Some clients contract Pattillo Construction Company to modify existing properties, change a door or entrance, replace the roof, or renovate an entire facility. Pattillo Property Management can design, remodel and renovate any space while minimizing business interruption. Pattillo Property Management provides full-service facility management including new tenant build out, HVAC services, and renovation of existing facilities. It includes a 24-hour emergency dispatching service. Pattillo Grounds Management provides professional landscape installation and maintenance services at competitive rates. The company also has a roofing division. Project management is a critical dimension of industrial development and Pattillo Construction Company uses a Web-based portal in addition to constant personal client contact. Announcements, updates, weather reports, drawings, and other documents and information are at customers’ fingertips at all times.
Family Matters
Enduring principles guide the company above and beyond the goal of financial success. “We are here to serve the customer.

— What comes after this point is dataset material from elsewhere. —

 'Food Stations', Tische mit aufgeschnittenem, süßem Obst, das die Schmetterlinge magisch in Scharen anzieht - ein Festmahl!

Some people in the real estate business are focused on trying to create value and then sell out so they can retire. That’s not our mission,” Callahan stresses. “Our mission is to be a catalyst to bring jobs to the South. That’s what we do and that’s what we have been doing for 55 years. The mission continues.”
In addition, Pattillo Construction Company helps customers anticipate growth needs. “We ask, what happens five to 10 years from now when you want to be twice the size? What configuration would your manufacturing or distribution processes be in? How would materials, components and products come in and flow out of the facility? If you had to expand offices, where would you expand? You don’t place heavy machinery in the natural path of the office expansion. We help the customer think through such things.”
Into the fourth generation, Pattillo still recognizes that its success is tied to the success of local communities. Leadership is the foundation. And the company acknowledges that its suppliers and subcontractors are an integral part of its past and future. As Callahan says, “We draw the blueprints, but we don’t do this by ourselves. Some of our suppliers and subcontractors have been part of our team for decades. They are an integral part of our strength. We grow together and work to be developers in the best sense of that word.”